1. Conversational language is pathological in terms of the grammar

While I had expected spoken language to be less polished and less grammatical than its written counterpart, transcribing each word made me realise that grammar and spoken language are sometimes two disjoint sets. In English, you can get away surprisingly well by repeating “It’s like …” and then appending your favourite (and relevant) words. This is not a problem in general, but sometimes grammar is really a last resort in transcribing pathological speech. A prime example of that is in the case of plural/singular version of the same word, where the grammatical context helps more than the actual acoustic cues in the audio.

2. When you transcribe, you don’t look at the recordings only once

While computationally, there is no such thing as multiple listening to an audio, but when transcribing these speeches you often have to replay a couple of times. The funniest part is the adaptation process, after listening to a couple of recordings from the same person, you can indeed get better – sort of like a “human” transfer learning. Some improvements really come from hearing about similiar content in another recording.

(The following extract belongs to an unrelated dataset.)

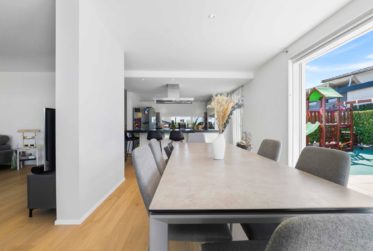 Splendide villa individuelle contemporaine avec piscine dans un quartier résidentiel de standing !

3. What do you do with paralinguistic content?

For pathological speech, coughs, hmms, gasps should be considered very important, but I haven’t included them in the initial transcriptions. I don’t want to bat around this issue a lot, it is clear that depending on the exact goal we want to achieve this should have a greater/smaller role. Some work that I’ve seen during Interspeech this September really made me realise that these informations might be not important for certain ASR applications, but very important for convincing TTS applications.

4. Issues with wild data in general

When a speaker is listing the names of his/her doctors, relative’s name, one cannot really be sure about the exact way to write it. It’s a less application-dependent issue, but it is a really annoying feature of languages which are not phonetic, since mapping the acoustics to the actual graphemes are not straightforward. In my mother tongue, Hungarian, this is largely only a problem with very tradiationally written names, i.e. we would usually write “Kovacs”, but “Kovats”, and maybe sometimes “Kovach” is an accepted transcription, similarly with “Grabovszky” or “Grabovszki”. In English, “Wasovschki” could be basically anything from mishearing “was how ski”, “razor ski”, or just simply “Wasovsky”.

Again, because of the wild nature you have things like pronouncing out the name of a brand in two different ways, which is a completely natural thing to do in a conversation. Like, imagine asking your English teacher how do you spell “mcdonalds” and then his/her answer being “mcdonalds”, but with the correct pronounciation. These kind of constraints can be alleviated with phonemic transcriptions, but you have to really decide for yourself – is it the intent or the acoustics that counts? I would say for pathological speech the intent is more important.

5. Some ASRs make you think really hard

Some baseline ASR results make you think really hard what was actually said, because often times they provide beautiful, equally valid transcriptions. But long-term contextual cues still seem to be a big weakness of them, and very specialised terminology and grammar too. While I cannot blame the baseline ASR not getting “hemiglossectomy” and “glossectomy” right, I have to say specialised vocabulary issues were usually the most common by far. Other times, however, seeing the baseline transcription is followed by a lot of pondering of what was actually said.